Facial Recognition + DJI Tello Drone
Here is a little video of the drone in action, it follows people around using facial recognition! https://youtu.be/djg_Msd-Yks
Essentially there are two parts to this project:
- Connecting to the drone and sending commands to it
- Performing facial recognition and calculating where the drone needs to go
Connecting to the drone is pretty simple. The drone transmits its own wifi, so you can just connect to that, and communicate with the drone through a UDP websocket and multithreading. I created a python interface for this part and got the drone moving with my laptop's keyboard, however I wasn't able to solve the problem of receiving the video data from the drone in time. I was too eager to get the drone up and running, so instead I used this interface I found on GitHub. Now that we had access to the drone's video, we can finally perform some calculations!
I took the video frames from the drone and used OpenCV, numpy and a Haar Cascade classifier for facial recognition. A face is recognized and bound by a rectangle. We are given the top-left corner of the rectangle, and its width and height. With that I found the middle of the face, and calculated the 2D vector from the middle of the video frame to the middle of the face.
We basically want the drone to move so it's centered on a face, so the the middle of the frame has to be around the middle of the face. The 2D vector can help in moving the drone up, down, left and right, but not in a third dimension (forward/backward). To find the third dimension, I used the size of the face and compared it with an arbitrary face size. For example, let's say a 'normal' face size is 150x150 pixels. If the current face found is larger than 150x150, we know that the drone is too close, and vice versa. So with all of that we get a 3D vector representing the displacement of the drone.
Next I set an arbitrary threshold such that if the drone's displacement was within said threshold, it wouldn't need to move. This is so that the drone doesn't constantly try to 'fix' it's position even if is just a few pixels off of the center of the face. Now we have all of the information needed, all that's left to do is to send movement commands to the drone, based on the vector and the threshold.
- Use a combination of yaw and left/right movement to handle a left/right displacement of the face. Currently yaw is not used, only left/right movement is.
- Use the magnitude of the 3D displacement vector to determine the speed at which the drone should move. If the drone is very far from the face, it could move at a higher speed, and if the drone is closer, a slower speed. Currently, the drone moves at a constant speed.

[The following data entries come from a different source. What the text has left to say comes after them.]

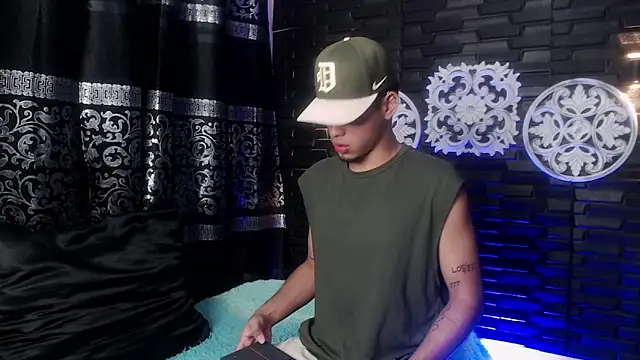 Gael zambrano online show from February 10, 5:56 pm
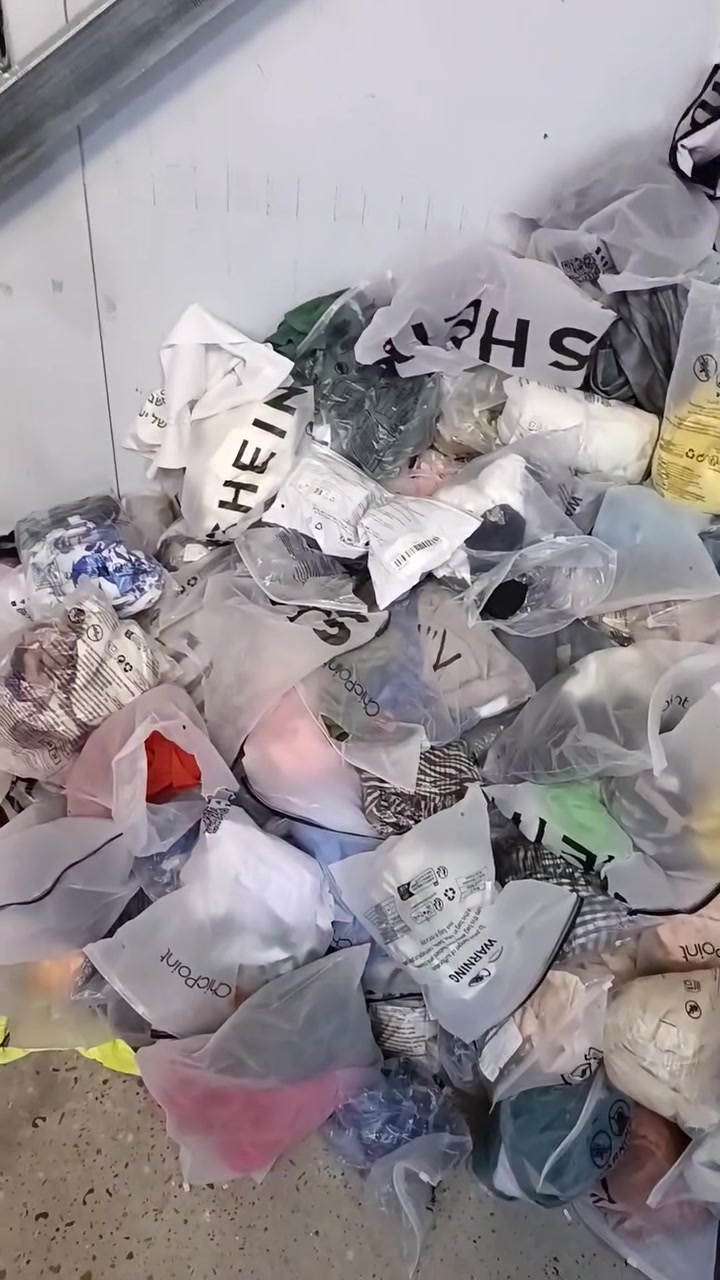 بسم الله وعلى بركة الله
سوينالكم خصم على ملابس الشي ان
اي قطعه تعجبك ب٢
العنوان الفلوجه حي الضباط شارع جامع المدلل مقابل مجمع الفاو و مجاور دكتوره محاسن
اسم المحل مجمع الآخوين للتضبع المنزلي
متواجدين لساعه ١٢ ليلا


**إذا كنت صاحب هذا الإعلان وتريد حذفه لأي سبب، رجاءا أرسل رسالة إلى الدعم الفني**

- Framerate is a big one. We want to make the displacement vector to be as accurate and as recent as possible. A lower framerate would mean that if the person moves abruptly between two frames, the most recent displacement vector would be 'outdated' and wouldn't represent the right direction that the drone needs to move.
- Drone response time is a huge factor as well. The DJI Tello doesn't move instantly when a command is sent, there is a tiny delay, which could be caused by many factors. However, this limits the drone from moving accurately, because there could be instances where the drone is moving in a direction and needs to suddenly change directions, but the delay means the drone can't reflect the updated information in its movement. Also, the DJI Tello can't handle consecutive commands well. Sometimes, if two commands are sent back-to-back, the second command will not register. Again, this adds to the problem of not having the most recent information.
Note: I am currently using this interface for interacting with the drone: https://github.com/damiafuentes/DJITelloPy. However, I am writing my own interface for the drone and will be switching to it once it is ready: https://github.com/SamarthAP/TelloWrapper.